The human mind may be quite complex at times. That’s when we resort to meditation, taking deep breaths to distract ourselves from the chaos and confusion. It gives us a sense of satisfaction by making us more understanding and empathetic, and sometimes just by making us do nothing.
What if robotic systems could meditate or do nothing for a day or two in order to learn more effectively?
As silly as it may sound, a group of academics has uncovered how artificial neural networks may imitate human brain sleep patterns, increasing their applicability across a wide range of study topics. Furthermore, this may aid networks in reducing the risk of catastrophic forgetfulness later.
Allow machines to sleep for a few hours!
The human body requires at least 7 to 13 hours of sleep every day on average. While sleeping, the heart rate, metabolism, respiration, and hormone levels all fluctuate while the body remains in a relaxed condition. However, the brain stays nearly unchanged.
“The brain is quite busy while we sleep, repeating what we have learned throughout the day,” explains Maxim Bazhenov, professor of medicine and sleep researcher at the University of California San Diego School of Medicine. He goes on to say that sleep helps reorganize memories in order to display them in the most effective way possible.
Bazhenov and his colleagues previously showed how sleep improves the ability to recall indirect or arbitrary relationships between items or people, builds logical memory, and protects against forgetting old memories. Artificial neural networks have used the design of the human brain to improve several technology systems ranging from fundamental research to economics and health.
Many neural networks have attained superhuman capability, the most recent example being the recent increase in processing speed. However, they fall short in one crucial area. When new information is learned sequentially, artificial neural networks tend to overwrite prior knowledge. The behavior is sometimes referred to as catastrophic forgetting. According to Bazhenov, the human brain learns continuously, assimilating new information into current knowledge. He says that when fresh instruction is mixed with intervals of sleep, the brain learns the best for memory formation.
Instead of continually communicating information, the scientists employed increasing neural networks to simulate genuine brain systems, which are sent as discrete events at certain time points. The scientists observed that the network of spiking brain systems minimized catastrophic amnesia when it was taught with periodic off-line intervals that mimicked sleep. ‘Sleeping,’ like the human brain, enabled the networks to repeat previous memories without utilizing any old training data.
Augmenting sleep pattern
The human brain has thousands of memories, which are represented by synaptic weight patterns. Each pattern demonstrates the strength of a connection between two neurons. The study shows that while learning new information, these neurons fire in a certain order, which increases the number of synapses between them. The spiking patterns generated during a human mind’s waking state are reproduced numerous times in a spontaneous way when asleep, which is sometimes referred to as ‘replay’ or ‘reactivation.’
“Synaptic plasticity, the ability to be altered or molded, is still present during sleep and it can further increase synaptic weight patterns that indicate memory, helping to avoid forgetting or to promote the transfer of information from old to new activities,” adds Bazhenov.

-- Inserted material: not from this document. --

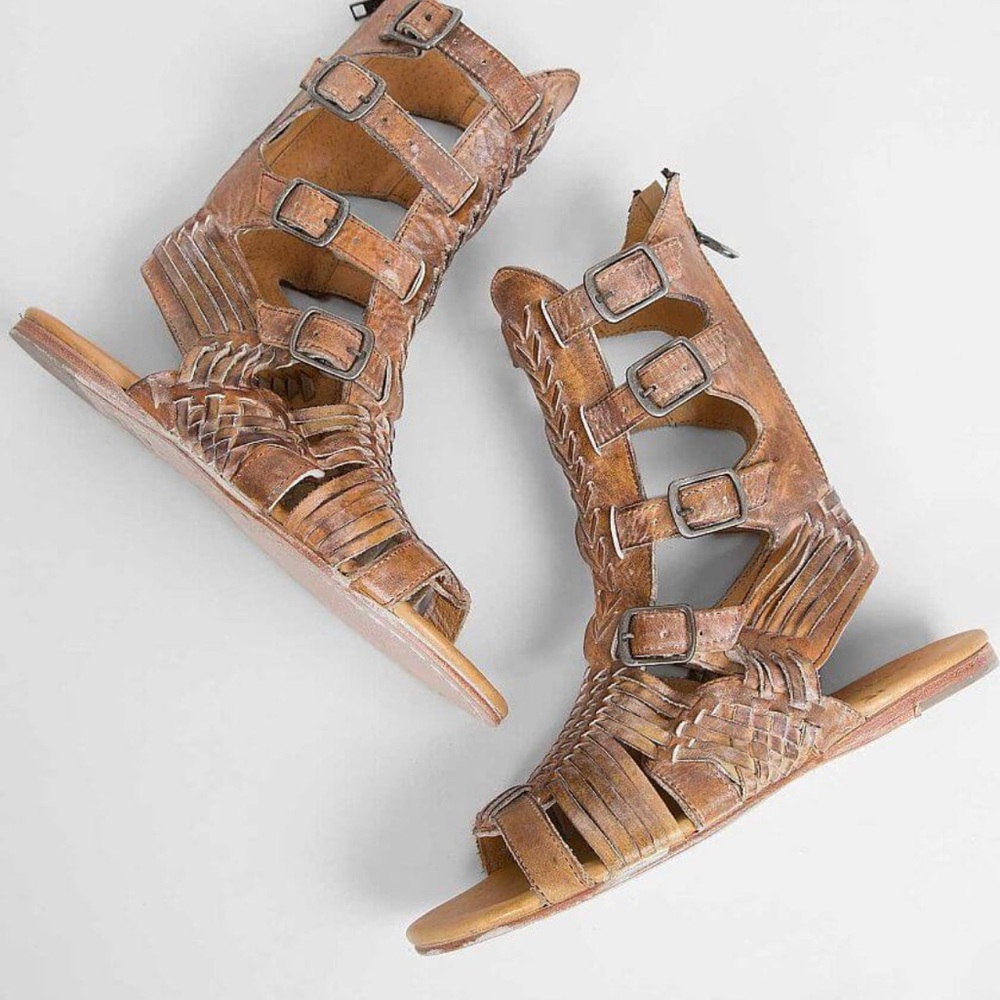 Bed Stu Aurelia cobbler edition gladiator sandals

When the scientists applied this method to artificial neural networks, they discovered that it helped the networks avoid catastrophic forgetting. That is, the networks might learn in the same way that people or animals do. The study was a fresh advance in understanding how the brain processes specific information during sleep, just to aid boost human memory. Moreover, improving sleep patterns can lead to improved memory. The team has also created computer models to generate ideal techniques for applying stimulation to sleep components such as sensory tones, which increase learning and improve sleep patterns. They also say that the initiative becomes critical when patients suffer from non-optimal memory in illnesses such as Alzheimer’s.
Moreover, Google DeepMind launched a framework to enable the building of AI bots capable of understanding human commands to do certain behaviors.
Several existing AI frameworks have been chastised for failing to consider the situational understanding of how humans use language. DALL.E 2, which is a generative AI comments on how it failed to comprehend the grammar of the text questions. For an input text of ‘a spoon on a cup,’ the results would include photos from the dataset including a cup and a spoon—without understanding the connection between the items supplied in the text prompt.